Call of Duty: Black Ops 4 - Análise - Um jogo com três caras
À procura de uma nova identidade.
Call of Duty: Black Ops 4 é um jogo que se encontra numa posição diferente dos seus antecessores. Durante anos, desde o sucesso de Modern Warfare, que a série da Activision dominou os jogos de tiros. Todos os jogos queriam ser Call of Duty, não no sentido literal, mas no sentido de ter uma fatia do seu sucesso e de conseguir uma base instalada de jogadores tão grande. Actualmente, existe um peixe ainda maior do que Call of Duty. O seu nome é Fortnite. Desde de Setembro de 2017, quando foi lançado o modo gratuito Battle Royale, que Fortnite tem registado um crescimento sem igual na indústria. Agora, embora Call of Duty continue a ser uma série de peso nos videojogos, todos querem ser Fortnite.
Até Call of Duty quer ser Fortnite e Black Ops 4 é uma prova dessa ambição da Activision.

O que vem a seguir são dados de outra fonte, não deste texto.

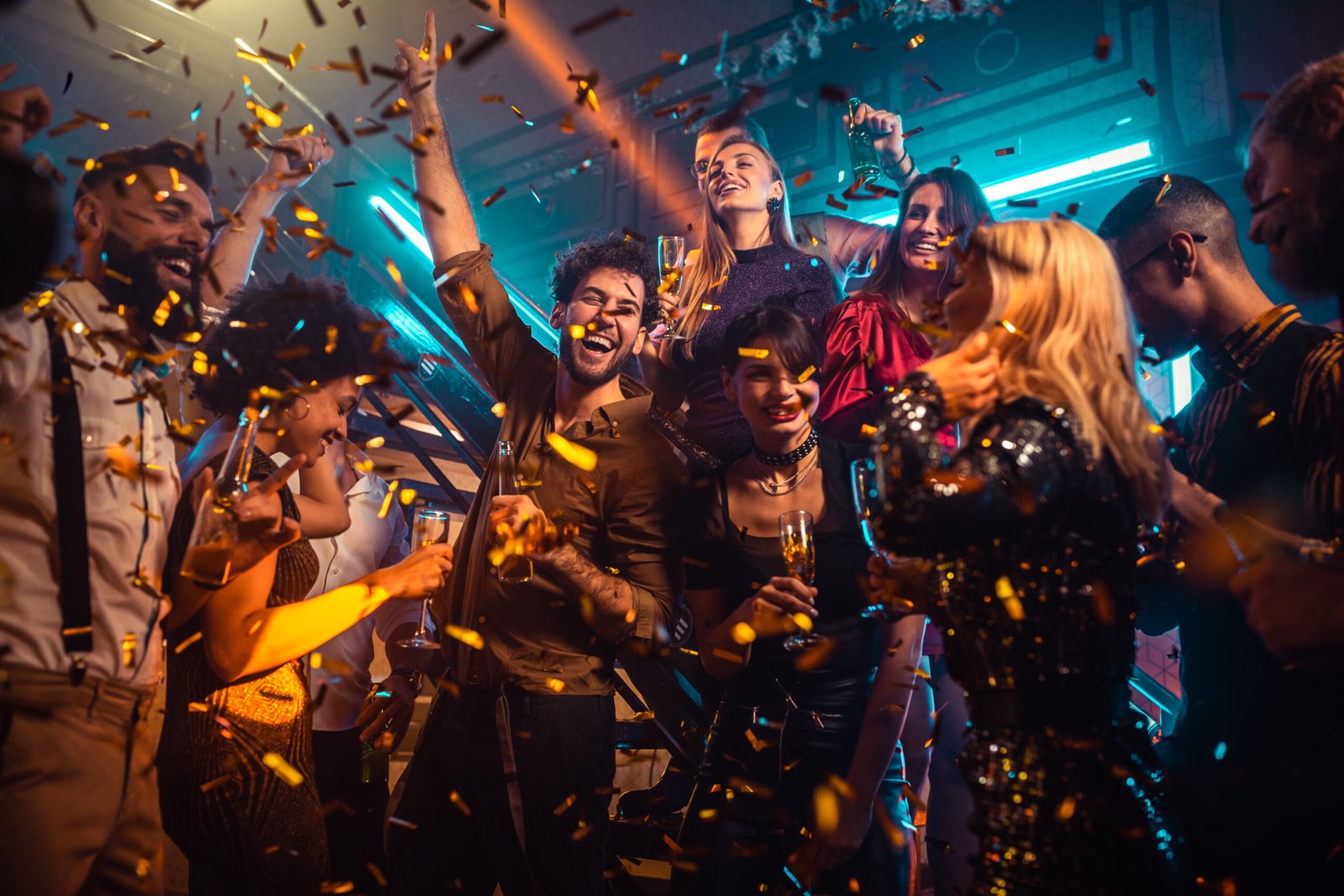 music events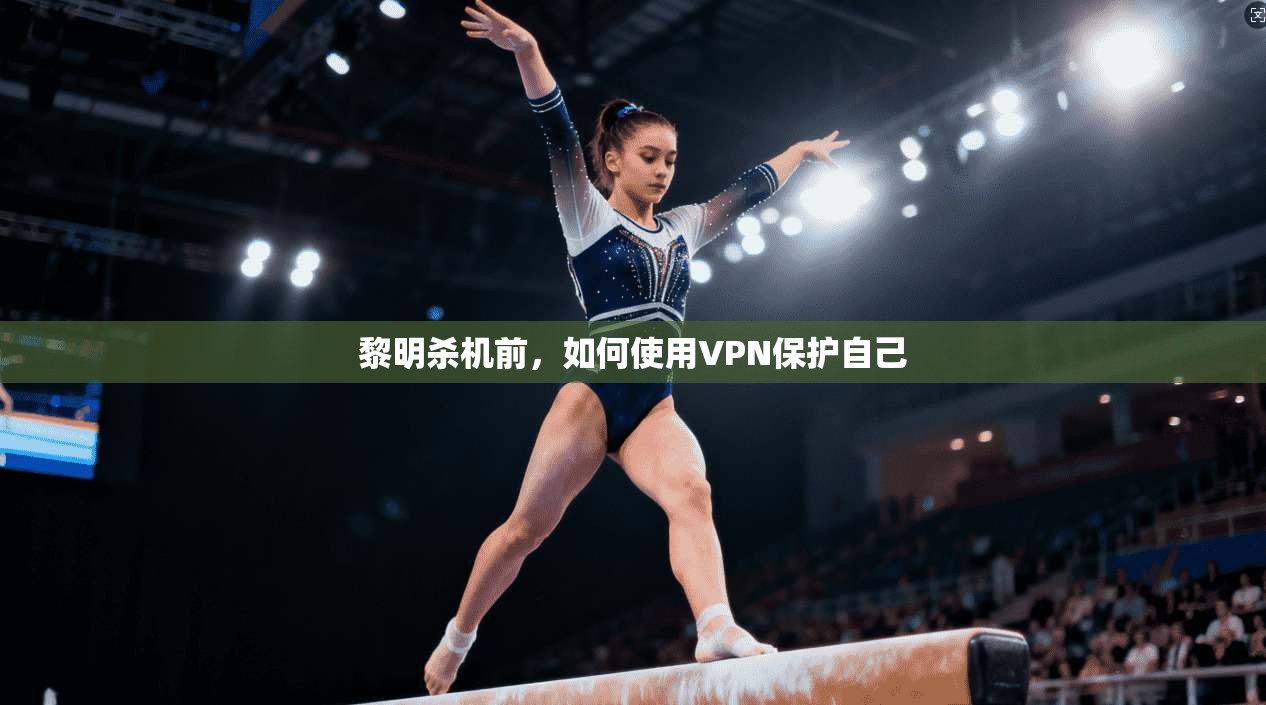 黎明杀机前,如何使用VPN保护自己 第1张 黎明杀机前,如何使用VPN保护自己 第1张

Call of Duty deixou de ser líder e passou a ser um seguidor, aderindo à moda dos Battle Royale (diga-se de passagem que o próprio Fortnite, apesar de ser "o líder" neste momento, não foi o criador do género). Com o sucesso astronómico de Fortnite, a Activision não pode simplesmente dar-se ao luxo de ignorar a popularidade dos Battle Royale. A sua resposta é o Blackout, o modo Battle Royale de Call of Duty. Criado pela Treyarch, o estúdio que muitos consideram ser o mais talentoso na série Call of Duty, Blackout é um modo para 88 jogadores num mapa de grandes proporções que combina vários locais icónicos da série.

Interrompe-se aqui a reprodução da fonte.